[Saved entries]

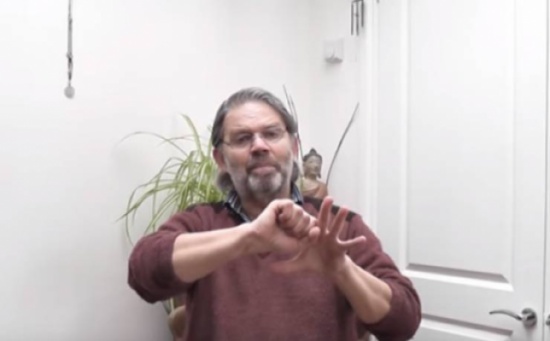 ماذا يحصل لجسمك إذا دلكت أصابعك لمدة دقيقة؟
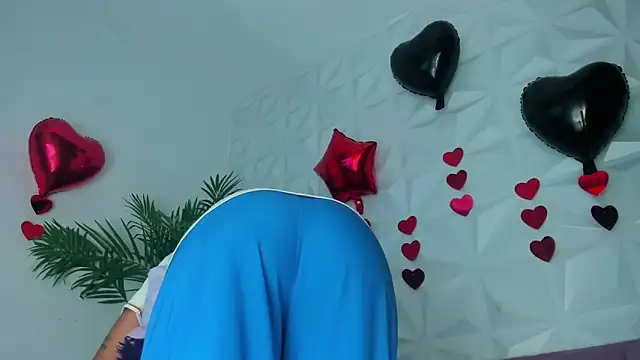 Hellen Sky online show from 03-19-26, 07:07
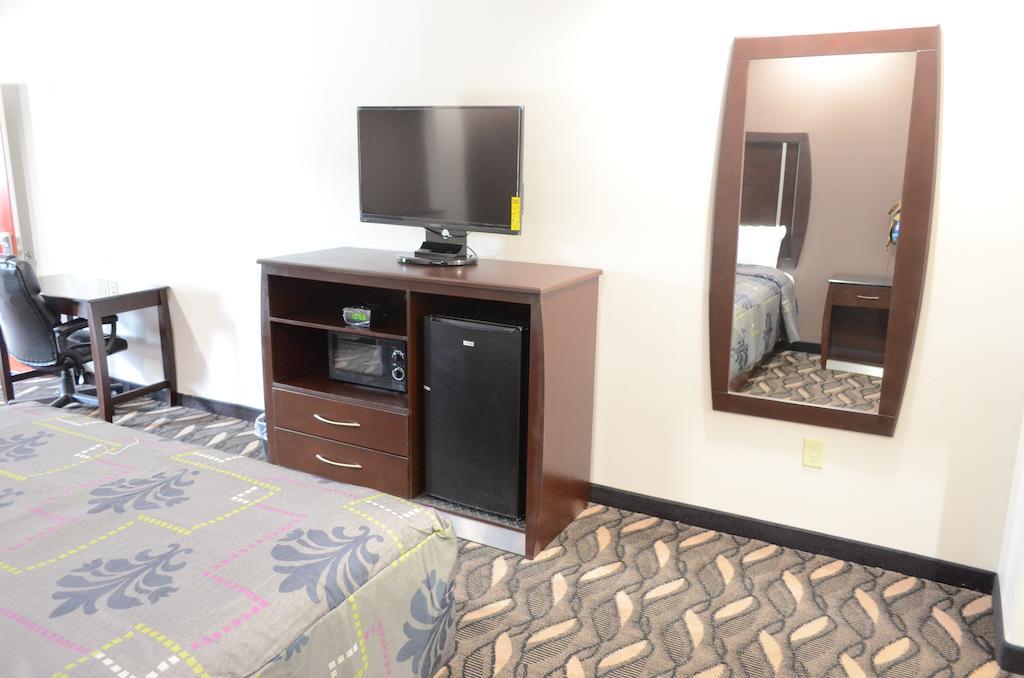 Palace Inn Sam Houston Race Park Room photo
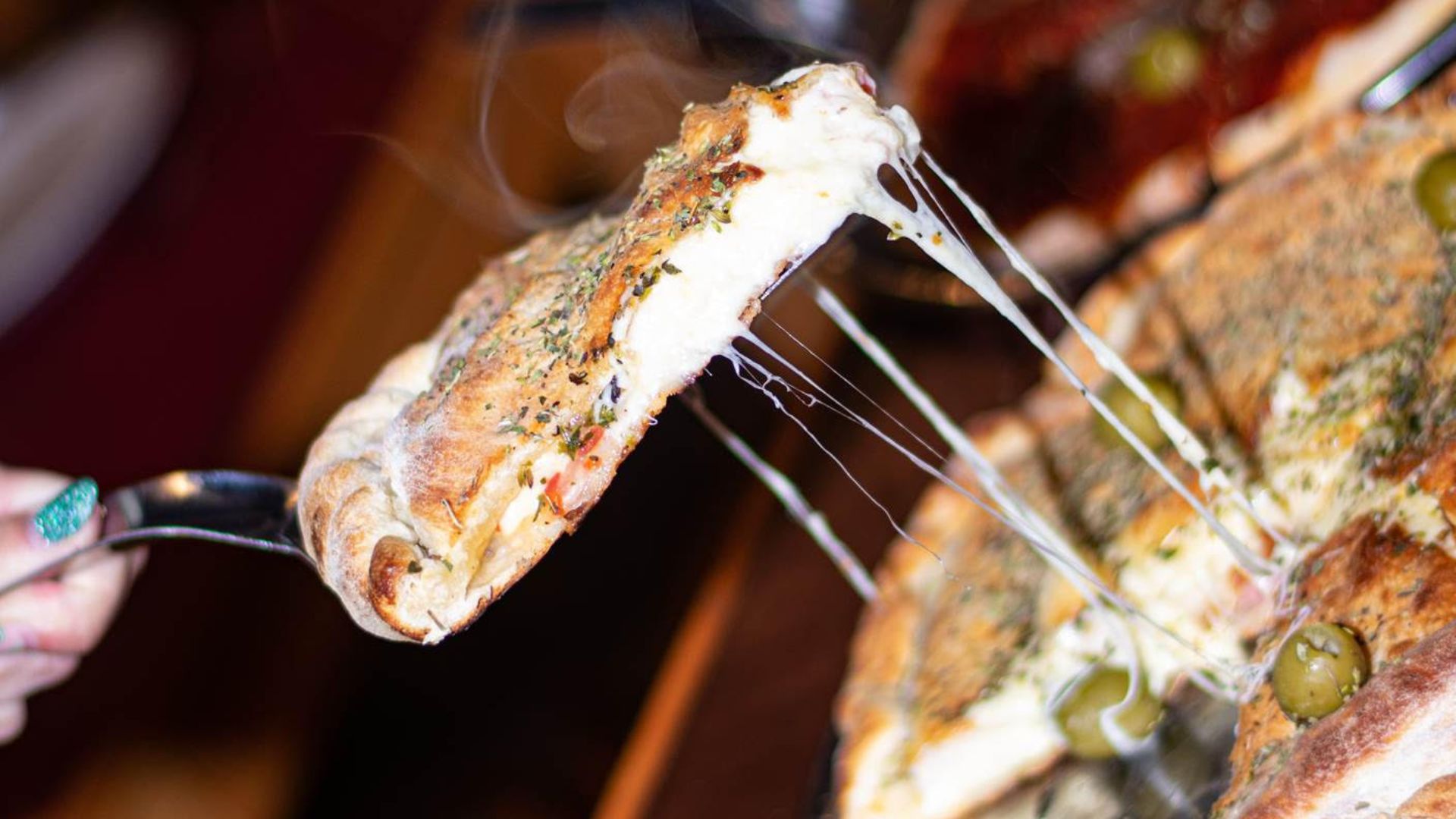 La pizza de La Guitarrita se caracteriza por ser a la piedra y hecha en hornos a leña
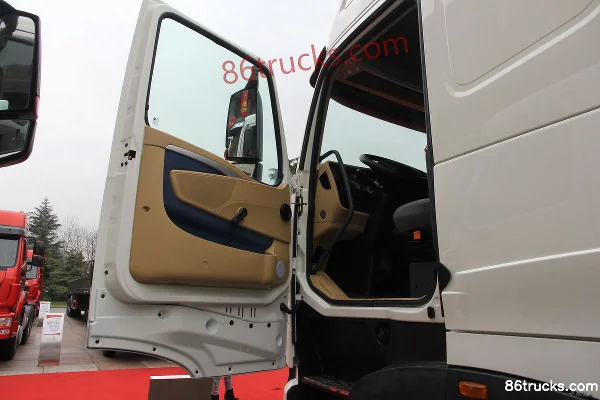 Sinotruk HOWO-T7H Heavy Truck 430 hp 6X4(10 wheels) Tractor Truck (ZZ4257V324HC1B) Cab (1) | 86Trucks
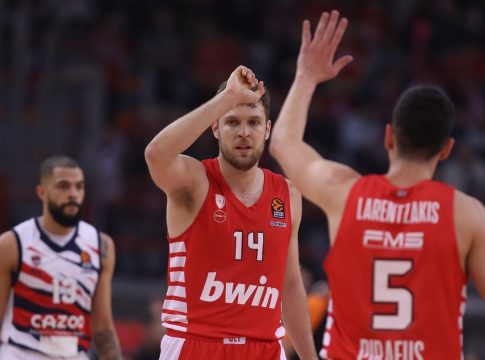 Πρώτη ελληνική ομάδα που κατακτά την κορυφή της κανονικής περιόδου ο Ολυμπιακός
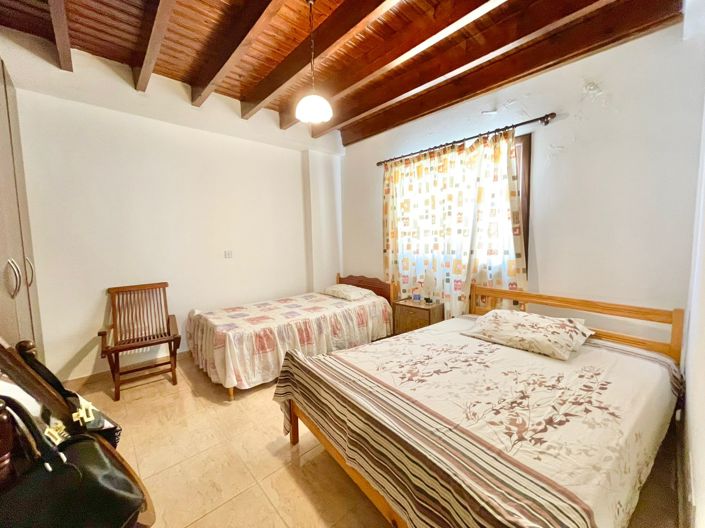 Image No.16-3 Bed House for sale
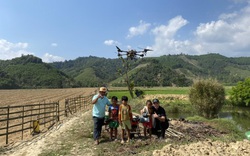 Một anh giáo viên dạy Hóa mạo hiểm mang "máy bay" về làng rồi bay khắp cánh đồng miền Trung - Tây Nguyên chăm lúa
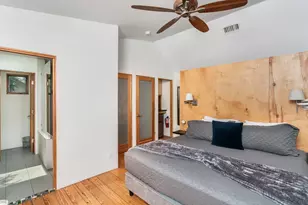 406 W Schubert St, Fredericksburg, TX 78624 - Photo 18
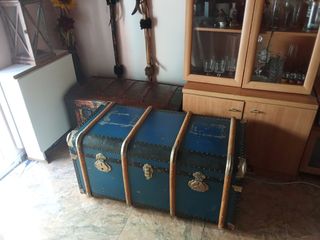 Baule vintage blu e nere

Assigned task » The copy must match every line of the data exactly and contain no pictures.

Result of the task »
 ماذا يحصل لجسمك إذا دلكت أصابعك لمدة دقيقة؟
 Hellen Sky online show from 03-19-26, 07:07
 Palace Inn Sam Houston Race Park Room photo
 La pizza de La Guitarrita se caracteriza por ser a la piedra y hecha en hornos a leña
 Sinotruk HOWO-T7H Heavy Truck 430 hp 6X4(10 wheels) Tractor Truck (ZZ4257V324HC1B) Cab (1) | 86Trucks
 Πρώτη ελληνική ομάδα που κατακτά την κορυφή της κανονικής περιόδου ο Ολυμπιακός
 Image No.16-3 Bed House for sale
 Một anh giáo viên dạy Hóa mạo hiểm mang "máy bay" về làng rồi bay khắp cánh đồng miền Trung - Tây Nguyên chăm lúa
 406 W Schubert St, Fredericksburg, TX 78624 - Photo 18
 Baule vintage blu e nere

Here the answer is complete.